Wieso das? - Auch sterbende Embryos sind gottgewollt. - Du weißt doch gar nicht, was in wenigen Tagen und Wochen alles passieren kann - denk doch nicht in Kategorien von Zeit.
Wieso denn nicht. Die Menschen des Da-Seins leben doch in der Zeit. Das ist das, was der Fall ist. Das, was du für den Fall hältst, kann unmöglich das sein, was der Fall ist. Du bist halt nicht Gott und deine Gedanken sind nicht Gottes Gedanken.

closs hat geschrieben:
Andreas hat geschrieben:War nicht die letzte freie Entscheidung eines Menschen von Gott gewusst, weil so in grauer Vorzeit (dieses Menschen) so gefügt? Dann allerdings darf auch der Mensch das. Das haut so alles nicht hin.
Doch - tut es schon. - "Freie Entscheidung" (was auch immer das ist) heißt doch nicht, dass alles "gottgefällig" ist, was der Mensch tut - Wenn Du Dich frei entscheidest, Deinem Nachbarn die Gurgel durchzuschneiden, dann ist das doch nicht gedurft, nur weil Du es frei entscheiden kannst.

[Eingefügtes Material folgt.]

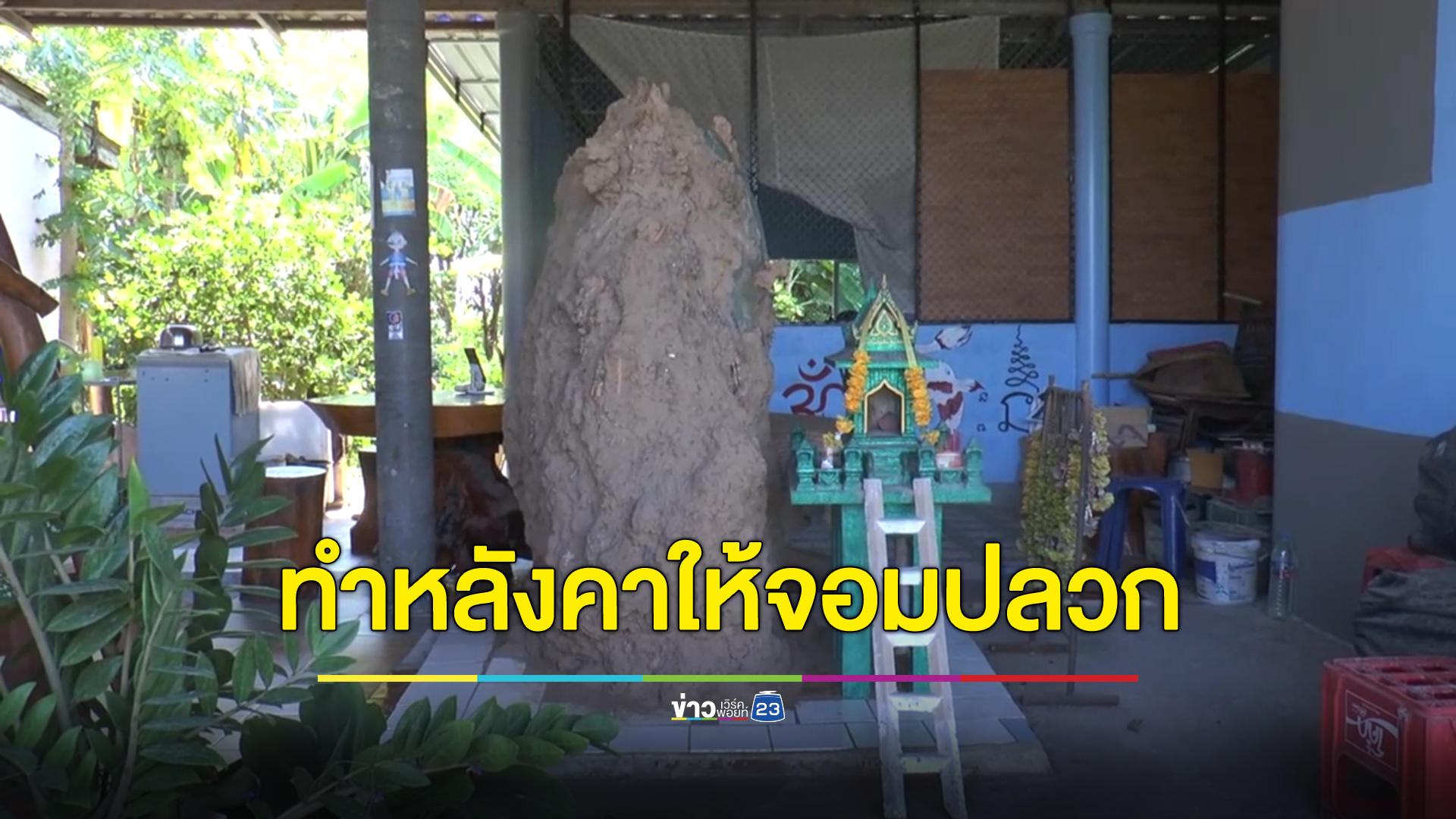ดูแลคุ้มครองกันมา 40 กว่าปี หนุ่มอ่างทองสร้างหลังคาให้จอมปลวก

Nicht mogeln: von "gottgefällig" habe ich kein Wort gesagt - auch nicht, wenn du es in Anführungszeichen schreibst. Von Gott gefügt war meine Aussage. Den Strohmann, kannst du behalten, der funktioniert eh nicht, denn wenn alles, was passiert von Gott gefügt ist, wird es ihm schon auch so gefallen. Sonst hätte er es anders gefügt, oder es ist einfach ein wenig Plemm Plemm - Dein Gottesbild.

closs hat geschrieben:
Andreas hat geschrieben:Die Antwort ist: Der Mensch kann solche Fügungen Gottes nicht beeinflussen, weil es dann eben keine Fügung Gottes mehr wäre
Nee - mit "Beeinflussen" ist gemeint, dass Gott anders gefügt hätte, wenn sich der Mensch anders entschieden hätte. - Das passt schon.

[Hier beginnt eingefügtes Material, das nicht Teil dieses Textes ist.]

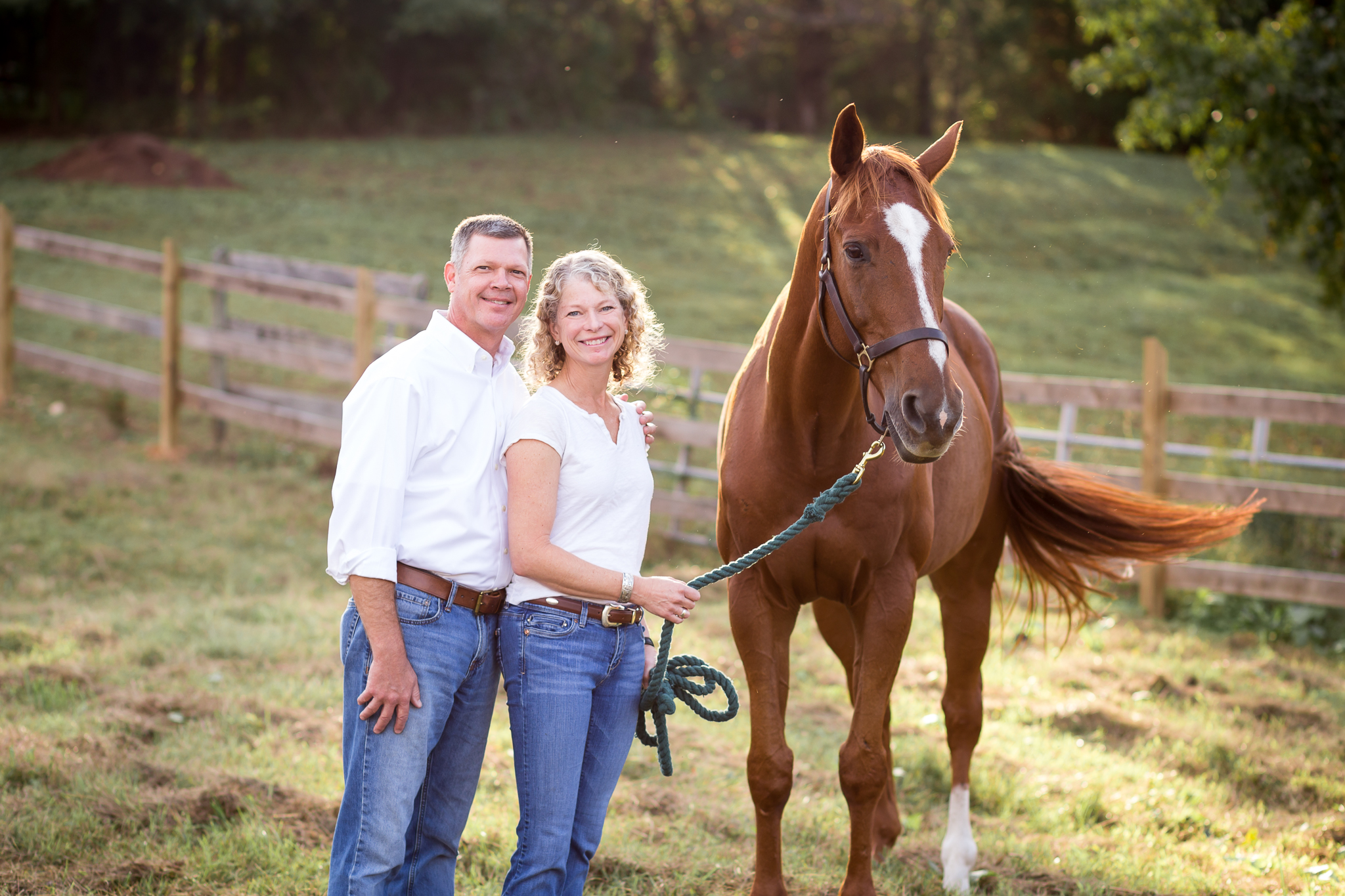 Virginia Equine Portrait Photographer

Dass passt nicht. Weil es dann der Mensch ist, der fügt und nicht Gott. In diesem Fall richtete sich die Überzeit Gottes nach der Zeit des Menschen, weil der Mensch in der Zeit seine Entscheidungen trifft. Und wie könnte er das - wenn es lange vor seiner Zeit in der Überzeit beschlossen worden wäre? Wie rum auch immer. Mann, Mann, Mann. Inkonsistenzen, wohin das blaue Denksportlerauge blickt.

closs hat geschrieben:
Andreas hat geschrieben:In zwei Sätzen solch logische Patzer! Das einzig fundamentale an deinem Modell ist deine Unlogik.
Finde ich überhaupt nicht - es stimmt nur bei Deiner Hermeneutik - meine Hermeneutik ist eine andere. - Unsere Vorannahmen sind unterschiedlich.
[/quote]Das du die Inkonsistenzen innerhalb deiner Hermeneutik nicht finden kannst, ist seit langem ebenso bekannt, wie dass du die Denkfehler ausnahmslos bei den anderen verortest und nie bei dir. Kein Wunder, du hast ja "zu Ende gedacht".